I am still new to this and haven't really been able to afford framing, but I now would like to possibly frame some pieces to show in a small local art show..... YIKES!!!.......

I've attached some of my pieces for suggestions.... THANK YOU!!!!

susan

Susan Jenkins
02-07-2006, 07:14 PM
some of my files were too big too load and i dont' have time to post now..... the hibiscus is not done yet either...... hopefully soon....
any input is appreciated!!!

Doodlebug1967
02-07-2006, 07:46 PM
I'm new to pastels too, but if you found a reasonably priced framer I'm sure they could make some wonderful suggestions. For the few pieces I've framed I prefer a simple frame so as to not distract from the work. These are wonderful pieces. Good luck in the show.

Ronda

jmp
02-07-2006, 08:34 PM
i use mats when framing most pastels- one wide one in anuetral color that complements the work and an "inner" mat, about 1/4 ", in a darker color.
A simple frame is good, but simple doesn't have to mean boring. If the work will be for sale, pick something "generic"- not too dark, not too light, not too much of one particular style- you want anyone to be able to envision the painting in their home- it would be ashame if you lost a sale because the frame was too much of "something"- you know?

Also, the problem of dust falling from the painting and getting stuck between the mats and the glass is something you should address w/ your framer- I do my own framing and I use a piece of that double sided foam tape around the perimeter of my painting and put the mats on top of that so that there is a space between the matt and the work for the dust to fall in to. There are probably better ways to do this, but thats what I do, and it works for me!

Deborah Secor
02-07-2006, 10:27 PM
I suggest you go on over to our Pastel Library (http://www.wetcanvas.com/forums/forumdisplay.php?f=65)and look there for much more information on this subject! Check the Soft Pastel Index (http://www.wetcanvas.com/forums/showthread.php?t=134750)for some discussions.

Also, here's a link to a recent thread (http://www.wetcanvas.com/forums/showthread.php?t=319317&highlight=frame)...and another (http://www.wetcanvas.com/forums/showthread.php?t=317621&highlight=frame)one from a month ago...and one from last November (http://www.wetcanvas.com/forums/showthread.php?t=309457&highlight=frame)... You might go into the soft pastels studio and click on search under the far right hand column above the number of views. That way you aren't searching the whole place, just soft pastels!

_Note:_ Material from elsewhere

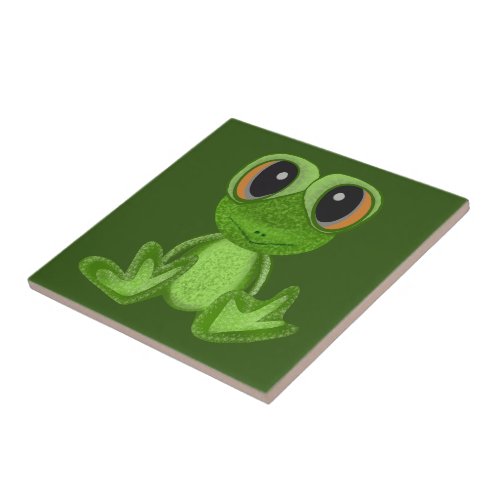 My Green Frog Friend Ceramic Tile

Hope this helps--there's so much already here on this subject... :)

Deborah

Lady Merllyn
02-12-2006, 03:10 AM
I use two layers of mounting card with the smaller one underneath to create a small gap for any dust to fall into.

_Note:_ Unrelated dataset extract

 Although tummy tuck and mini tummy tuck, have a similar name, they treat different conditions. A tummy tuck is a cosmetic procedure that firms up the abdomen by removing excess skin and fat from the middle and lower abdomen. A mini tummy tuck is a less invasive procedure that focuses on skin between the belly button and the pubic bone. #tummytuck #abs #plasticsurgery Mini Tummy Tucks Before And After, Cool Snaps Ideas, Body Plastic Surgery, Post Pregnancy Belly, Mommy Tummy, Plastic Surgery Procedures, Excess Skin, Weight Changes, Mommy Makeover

Also I buy ready-made frames - they cost me half the price and look just as good.

Nora

chewie
02-14-2006, 07:51 PM
some general stuff i've picked up--

a frame that's around 1.5 inches works well for things 16x20 and under. and i agree with another poster--simple but not boring. but try to pair it up somewhat 'commonly'--a gold frame works great for still life, simple oak for landscapes, etc. i try to think of the type of person who'd buy that style/subject of painting and what general style their house would be. a cowboy won't usually buy florals! but the woman who would most likely would appreciate a simple gold leafed frame.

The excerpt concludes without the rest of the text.